Z Wikiźródeł, wolnej biblioteki
Ta strona została uwierzytelniona.

o szczęściu, które mnie spotkać może, a ten znowu przypomniał mi rzeczywistość!
Dziękuję, czuję się wcale dobrze. Niech się pan nie męczy i nie mówi dużo. Lecz on z uporem chorego znowu zaczął: wczoraj był u mnie mój kuzyn i mówił mi, że pan podobno ma się żenić? Bardzo słusznie. Ja też tego żałowałem nieraz, choć obecnie widzę, że zrobiłem bardzo dobrze. Tacy jak ja, nie powinni zatruwać ludzkości. W tem przypomniał sobie, że i ja przecież, jestem taką trucizną i dodał: co innego pan, pan teraz zdrowy, wyleczony, to ma pan zupełne prawo a nawet obowiązek założyć swe gniazdo rodzinne.
Czy myśli pan to rzeczywiście szczerze? — zapytałem.
Zupełnie szczerze — łaskawy panie. Nie cierpi pan na chorobę zaraźliwą wprost, a choćby pan miał dawniej raka, to jest on tak częstym, że nawet podobno niema rodziny, gdzieby nie grasował, a w takim więc razie chyba ludzie wogóle nie powinni się żenić wcale. Czytałem dużo w tej materji, mogę więc też w niej głos zabierać.

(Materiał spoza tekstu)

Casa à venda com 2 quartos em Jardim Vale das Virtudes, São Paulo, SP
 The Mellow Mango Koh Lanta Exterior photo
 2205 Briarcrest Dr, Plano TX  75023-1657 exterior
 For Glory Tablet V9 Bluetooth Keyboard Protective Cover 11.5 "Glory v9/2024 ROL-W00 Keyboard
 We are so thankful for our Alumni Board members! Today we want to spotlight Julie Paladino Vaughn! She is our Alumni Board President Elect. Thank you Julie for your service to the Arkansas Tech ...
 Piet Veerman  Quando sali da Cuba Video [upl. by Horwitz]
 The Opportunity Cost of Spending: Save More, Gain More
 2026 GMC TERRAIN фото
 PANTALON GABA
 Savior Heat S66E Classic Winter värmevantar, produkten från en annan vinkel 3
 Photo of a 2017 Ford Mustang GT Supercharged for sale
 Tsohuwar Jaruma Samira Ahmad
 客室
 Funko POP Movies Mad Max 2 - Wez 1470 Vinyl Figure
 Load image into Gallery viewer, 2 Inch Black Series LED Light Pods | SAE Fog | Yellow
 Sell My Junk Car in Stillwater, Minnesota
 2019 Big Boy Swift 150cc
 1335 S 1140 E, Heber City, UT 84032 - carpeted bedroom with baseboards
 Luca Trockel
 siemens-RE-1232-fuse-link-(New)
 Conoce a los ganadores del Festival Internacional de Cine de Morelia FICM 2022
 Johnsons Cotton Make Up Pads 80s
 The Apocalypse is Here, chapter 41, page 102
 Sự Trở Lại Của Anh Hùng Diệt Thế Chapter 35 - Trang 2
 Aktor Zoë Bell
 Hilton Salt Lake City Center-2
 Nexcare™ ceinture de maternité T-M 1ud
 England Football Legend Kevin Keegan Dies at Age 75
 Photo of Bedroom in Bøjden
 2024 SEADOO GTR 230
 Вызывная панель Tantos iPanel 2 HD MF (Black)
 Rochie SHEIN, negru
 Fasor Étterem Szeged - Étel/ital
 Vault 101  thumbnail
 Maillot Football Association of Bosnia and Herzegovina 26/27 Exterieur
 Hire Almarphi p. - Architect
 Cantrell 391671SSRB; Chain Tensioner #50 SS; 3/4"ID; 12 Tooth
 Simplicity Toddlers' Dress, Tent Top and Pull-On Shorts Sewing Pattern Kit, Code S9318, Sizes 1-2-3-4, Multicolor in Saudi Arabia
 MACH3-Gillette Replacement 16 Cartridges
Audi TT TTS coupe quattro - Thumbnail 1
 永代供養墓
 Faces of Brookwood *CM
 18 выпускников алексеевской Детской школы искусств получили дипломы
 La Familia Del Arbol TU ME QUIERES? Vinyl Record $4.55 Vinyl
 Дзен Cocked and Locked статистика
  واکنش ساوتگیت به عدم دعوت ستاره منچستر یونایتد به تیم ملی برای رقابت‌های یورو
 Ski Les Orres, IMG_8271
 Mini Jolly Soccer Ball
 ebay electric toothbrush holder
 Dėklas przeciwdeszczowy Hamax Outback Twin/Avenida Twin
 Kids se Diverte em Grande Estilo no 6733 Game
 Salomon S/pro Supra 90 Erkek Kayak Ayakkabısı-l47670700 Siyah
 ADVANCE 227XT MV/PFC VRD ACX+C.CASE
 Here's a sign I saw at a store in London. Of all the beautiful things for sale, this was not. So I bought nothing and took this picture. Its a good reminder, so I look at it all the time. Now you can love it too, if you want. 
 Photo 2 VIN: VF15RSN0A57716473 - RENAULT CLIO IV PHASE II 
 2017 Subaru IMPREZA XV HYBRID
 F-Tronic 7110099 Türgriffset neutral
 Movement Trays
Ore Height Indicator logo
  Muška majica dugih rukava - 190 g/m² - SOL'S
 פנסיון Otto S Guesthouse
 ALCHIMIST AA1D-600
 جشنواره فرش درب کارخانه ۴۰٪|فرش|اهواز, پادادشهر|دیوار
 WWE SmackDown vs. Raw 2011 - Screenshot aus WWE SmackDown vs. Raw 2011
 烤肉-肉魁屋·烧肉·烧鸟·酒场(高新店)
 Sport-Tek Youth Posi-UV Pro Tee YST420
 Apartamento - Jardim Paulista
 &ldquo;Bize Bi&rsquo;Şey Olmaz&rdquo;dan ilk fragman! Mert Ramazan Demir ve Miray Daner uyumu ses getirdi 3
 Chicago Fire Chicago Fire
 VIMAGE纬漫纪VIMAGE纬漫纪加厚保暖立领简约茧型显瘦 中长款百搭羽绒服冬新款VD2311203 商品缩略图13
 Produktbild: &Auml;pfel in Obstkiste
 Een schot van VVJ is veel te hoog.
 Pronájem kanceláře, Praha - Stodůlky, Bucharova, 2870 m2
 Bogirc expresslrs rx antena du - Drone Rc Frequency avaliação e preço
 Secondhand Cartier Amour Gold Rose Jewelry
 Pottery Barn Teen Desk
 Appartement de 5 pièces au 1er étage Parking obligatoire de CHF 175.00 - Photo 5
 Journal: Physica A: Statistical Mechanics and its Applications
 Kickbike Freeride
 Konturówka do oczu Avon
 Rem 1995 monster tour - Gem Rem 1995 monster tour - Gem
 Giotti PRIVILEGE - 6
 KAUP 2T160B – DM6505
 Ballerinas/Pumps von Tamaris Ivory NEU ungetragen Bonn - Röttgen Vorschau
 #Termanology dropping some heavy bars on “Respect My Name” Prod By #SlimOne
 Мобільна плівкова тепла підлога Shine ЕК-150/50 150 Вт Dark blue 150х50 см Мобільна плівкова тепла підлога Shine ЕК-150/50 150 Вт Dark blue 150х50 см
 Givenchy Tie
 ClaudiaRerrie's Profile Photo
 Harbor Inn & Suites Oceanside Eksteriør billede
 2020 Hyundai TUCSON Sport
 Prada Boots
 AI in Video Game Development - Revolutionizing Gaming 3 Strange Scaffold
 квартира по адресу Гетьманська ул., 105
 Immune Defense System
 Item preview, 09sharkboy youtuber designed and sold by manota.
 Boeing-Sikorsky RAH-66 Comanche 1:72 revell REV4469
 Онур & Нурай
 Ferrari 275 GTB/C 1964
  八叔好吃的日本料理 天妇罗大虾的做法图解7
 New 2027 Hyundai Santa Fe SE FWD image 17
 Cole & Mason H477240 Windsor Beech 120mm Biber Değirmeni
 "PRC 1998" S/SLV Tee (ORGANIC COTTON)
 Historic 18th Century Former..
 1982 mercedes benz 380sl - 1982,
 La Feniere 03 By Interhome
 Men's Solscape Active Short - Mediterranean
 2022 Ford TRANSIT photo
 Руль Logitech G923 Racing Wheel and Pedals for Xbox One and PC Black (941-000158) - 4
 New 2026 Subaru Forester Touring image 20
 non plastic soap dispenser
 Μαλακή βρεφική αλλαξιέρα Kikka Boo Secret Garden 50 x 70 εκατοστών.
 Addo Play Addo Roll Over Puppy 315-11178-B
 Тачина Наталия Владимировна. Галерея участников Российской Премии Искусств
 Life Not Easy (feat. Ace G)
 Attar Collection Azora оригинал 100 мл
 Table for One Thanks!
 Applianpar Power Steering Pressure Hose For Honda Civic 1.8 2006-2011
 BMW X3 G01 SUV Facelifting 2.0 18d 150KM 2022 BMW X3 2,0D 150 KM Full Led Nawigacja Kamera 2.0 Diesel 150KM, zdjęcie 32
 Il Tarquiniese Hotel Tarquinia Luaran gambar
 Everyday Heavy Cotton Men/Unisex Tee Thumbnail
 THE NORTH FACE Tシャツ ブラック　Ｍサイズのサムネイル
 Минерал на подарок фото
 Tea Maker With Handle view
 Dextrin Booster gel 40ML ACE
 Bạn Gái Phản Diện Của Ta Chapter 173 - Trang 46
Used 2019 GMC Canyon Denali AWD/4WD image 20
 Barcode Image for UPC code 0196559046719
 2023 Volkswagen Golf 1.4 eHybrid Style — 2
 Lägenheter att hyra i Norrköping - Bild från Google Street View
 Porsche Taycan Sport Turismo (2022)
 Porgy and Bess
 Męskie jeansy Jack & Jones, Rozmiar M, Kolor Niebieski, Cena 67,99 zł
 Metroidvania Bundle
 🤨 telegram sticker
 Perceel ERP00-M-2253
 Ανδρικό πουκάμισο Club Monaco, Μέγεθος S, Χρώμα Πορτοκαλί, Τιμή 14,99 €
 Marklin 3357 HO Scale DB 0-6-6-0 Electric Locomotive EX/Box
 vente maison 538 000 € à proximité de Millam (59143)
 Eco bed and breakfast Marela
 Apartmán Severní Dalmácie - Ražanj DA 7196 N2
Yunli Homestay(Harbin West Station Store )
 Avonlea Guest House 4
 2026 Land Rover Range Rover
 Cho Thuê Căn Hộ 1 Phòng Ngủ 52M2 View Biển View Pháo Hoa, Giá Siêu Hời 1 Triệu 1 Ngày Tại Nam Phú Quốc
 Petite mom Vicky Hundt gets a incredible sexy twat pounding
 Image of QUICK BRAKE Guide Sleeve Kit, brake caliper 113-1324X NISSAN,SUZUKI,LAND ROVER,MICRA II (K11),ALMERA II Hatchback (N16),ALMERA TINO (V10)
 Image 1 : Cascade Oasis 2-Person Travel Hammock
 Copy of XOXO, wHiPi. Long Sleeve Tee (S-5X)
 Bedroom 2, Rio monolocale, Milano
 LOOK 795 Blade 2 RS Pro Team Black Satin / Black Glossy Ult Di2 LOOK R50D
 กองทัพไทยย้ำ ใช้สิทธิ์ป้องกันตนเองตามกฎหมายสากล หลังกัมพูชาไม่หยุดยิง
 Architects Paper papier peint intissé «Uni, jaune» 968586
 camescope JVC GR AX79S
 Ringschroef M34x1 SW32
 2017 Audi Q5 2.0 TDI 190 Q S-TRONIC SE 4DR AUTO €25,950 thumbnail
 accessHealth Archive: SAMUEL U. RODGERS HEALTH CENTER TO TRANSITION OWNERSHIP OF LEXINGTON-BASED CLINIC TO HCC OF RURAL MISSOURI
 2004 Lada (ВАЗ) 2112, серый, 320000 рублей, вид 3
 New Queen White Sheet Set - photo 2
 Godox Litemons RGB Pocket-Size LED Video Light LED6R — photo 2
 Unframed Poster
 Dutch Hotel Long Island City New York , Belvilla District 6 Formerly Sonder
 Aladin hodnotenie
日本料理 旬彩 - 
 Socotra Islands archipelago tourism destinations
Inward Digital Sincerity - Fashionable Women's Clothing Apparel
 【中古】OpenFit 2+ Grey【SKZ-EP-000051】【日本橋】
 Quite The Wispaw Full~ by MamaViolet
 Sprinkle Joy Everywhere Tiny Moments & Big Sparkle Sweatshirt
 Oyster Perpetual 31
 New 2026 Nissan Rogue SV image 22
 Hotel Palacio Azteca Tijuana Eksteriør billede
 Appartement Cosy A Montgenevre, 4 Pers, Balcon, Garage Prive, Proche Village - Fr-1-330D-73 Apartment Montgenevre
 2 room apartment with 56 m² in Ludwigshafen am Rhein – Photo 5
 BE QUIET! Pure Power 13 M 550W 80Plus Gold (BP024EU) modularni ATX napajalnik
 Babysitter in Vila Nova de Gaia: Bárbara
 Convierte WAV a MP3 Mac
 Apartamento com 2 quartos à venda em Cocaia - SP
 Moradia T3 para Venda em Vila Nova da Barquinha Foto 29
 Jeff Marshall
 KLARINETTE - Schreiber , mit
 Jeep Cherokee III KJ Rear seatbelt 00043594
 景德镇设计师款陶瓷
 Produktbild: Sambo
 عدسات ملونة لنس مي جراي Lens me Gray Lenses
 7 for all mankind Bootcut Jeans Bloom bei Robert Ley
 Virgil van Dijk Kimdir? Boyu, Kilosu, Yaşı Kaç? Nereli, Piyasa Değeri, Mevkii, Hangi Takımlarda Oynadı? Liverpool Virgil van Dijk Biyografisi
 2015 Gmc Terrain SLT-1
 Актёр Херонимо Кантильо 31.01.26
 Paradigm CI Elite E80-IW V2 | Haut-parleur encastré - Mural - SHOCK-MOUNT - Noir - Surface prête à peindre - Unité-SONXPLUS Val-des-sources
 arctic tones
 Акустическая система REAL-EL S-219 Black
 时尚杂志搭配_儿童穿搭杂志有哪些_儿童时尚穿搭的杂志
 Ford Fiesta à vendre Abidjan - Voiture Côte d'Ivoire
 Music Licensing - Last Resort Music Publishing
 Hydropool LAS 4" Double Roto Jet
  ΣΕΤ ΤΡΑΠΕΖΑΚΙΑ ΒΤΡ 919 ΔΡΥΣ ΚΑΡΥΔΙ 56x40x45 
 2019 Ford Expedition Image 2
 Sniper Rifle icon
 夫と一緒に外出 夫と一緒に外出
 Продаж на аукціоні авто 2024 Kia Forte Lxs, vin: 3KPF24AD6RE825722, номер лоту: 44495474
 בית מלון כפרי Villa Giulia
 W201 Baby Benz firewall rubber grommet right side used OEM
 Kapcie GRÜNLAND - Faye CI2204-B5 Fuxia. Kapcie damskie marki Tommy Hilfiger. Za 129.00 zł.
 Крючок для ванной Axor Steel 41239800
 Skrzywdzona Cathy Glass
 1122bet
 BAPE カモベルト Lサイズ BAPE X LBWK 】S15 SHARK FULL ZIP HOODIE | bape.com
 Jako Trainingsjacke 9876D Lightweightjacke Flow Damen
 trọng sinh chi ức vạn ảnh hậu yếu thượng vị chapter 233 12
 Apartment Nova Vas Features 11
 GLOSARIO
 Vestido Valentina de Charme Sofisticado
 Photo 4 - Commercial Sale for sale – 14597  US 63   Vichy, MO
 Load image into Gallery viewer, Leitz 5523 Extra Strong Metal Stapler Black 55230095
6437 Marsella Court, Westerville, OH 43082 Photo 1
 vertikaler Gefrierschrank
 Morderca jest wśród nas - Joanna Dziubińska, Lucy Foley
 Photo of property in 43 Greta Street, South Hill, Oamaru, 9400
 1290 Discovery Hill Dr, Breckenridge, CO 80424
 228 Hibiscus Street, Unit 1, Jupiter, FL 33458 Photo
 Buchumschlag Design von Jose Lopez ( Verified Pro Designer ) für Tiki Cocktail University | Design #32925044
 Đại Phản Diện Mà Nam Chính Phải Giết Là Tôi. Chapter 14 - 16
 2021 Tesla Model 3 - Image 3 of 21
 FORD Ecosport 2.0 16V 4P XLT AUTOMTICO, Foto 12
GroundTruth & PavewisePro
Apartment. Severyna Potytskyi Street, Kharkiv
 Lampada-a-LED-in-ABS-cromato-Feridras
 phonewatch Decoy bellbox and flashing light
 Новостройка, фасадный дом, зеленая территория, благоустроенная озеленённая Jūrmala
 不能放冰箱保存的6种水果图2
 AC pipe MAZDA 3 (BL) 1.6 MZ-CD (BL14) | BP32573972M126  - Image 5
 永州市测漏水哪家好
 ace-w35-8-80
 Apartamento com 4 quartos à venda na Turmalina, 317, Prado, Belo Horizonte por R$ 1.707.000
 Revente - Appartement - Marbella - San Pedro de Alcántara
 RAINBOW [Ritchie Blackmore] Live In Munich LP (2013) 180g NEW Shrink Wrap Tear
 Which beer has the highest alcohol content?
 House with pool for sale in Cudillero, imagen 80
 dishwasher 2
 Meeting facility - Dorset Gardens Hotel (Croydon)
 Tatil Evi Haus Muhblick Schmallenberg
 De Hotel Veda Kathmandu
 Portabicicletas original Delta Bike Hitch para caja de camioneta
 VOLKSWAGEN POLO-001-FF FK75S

Słowa te działały na mnie, jak balsam cudowny. Przyznałem im zupełną rację. Przekonawszy się, że stan chorego poprawił się, wróciłem do domu.


Na drugi dzień udałem się do państwa Werskich. Panna Helena przyjęła mnie serdecznie, ucałowałem jej rękę, i siedzieliśmy znowu na balkonie, postanowiłem rozmówić się z nią otwarcie.